TASK OBJECTIVE
Pull every line with "Black" from the entries below.

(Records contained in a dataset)
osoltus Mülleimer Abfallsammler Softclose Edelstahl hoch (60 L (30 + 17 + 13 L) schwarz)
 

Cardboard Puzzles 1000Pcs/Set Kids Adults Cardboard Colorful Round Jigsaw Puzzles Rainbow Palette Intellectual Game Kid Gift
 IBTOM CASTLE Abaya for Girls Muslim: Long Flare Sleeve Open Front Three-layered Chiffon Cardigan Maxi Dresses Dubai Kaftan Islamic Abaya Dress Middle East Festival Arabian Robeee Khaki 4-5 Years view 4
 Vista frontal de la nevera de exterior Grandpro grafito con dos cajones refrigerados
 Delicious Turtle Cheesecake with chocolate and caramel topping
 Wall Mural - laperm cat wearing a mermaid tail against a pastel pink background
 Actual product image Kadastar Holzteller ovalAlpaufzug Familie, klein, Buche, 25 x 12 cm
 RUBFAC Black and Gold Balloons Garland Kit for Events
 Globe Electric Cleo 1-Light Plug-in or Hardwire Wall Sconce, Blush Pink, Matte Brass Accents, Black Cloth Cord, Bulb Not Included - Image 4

RESULT OF THE TASK
 RUBFAC Black and Gold Balloons Garland Kit for Events
 Globe Electric Cleo 1-Light Plug-in or Hardwire Wall Sconce, Blush Pink, Matte Brass Accents, Black Cloth Cord, Bulb Not Included - Image 4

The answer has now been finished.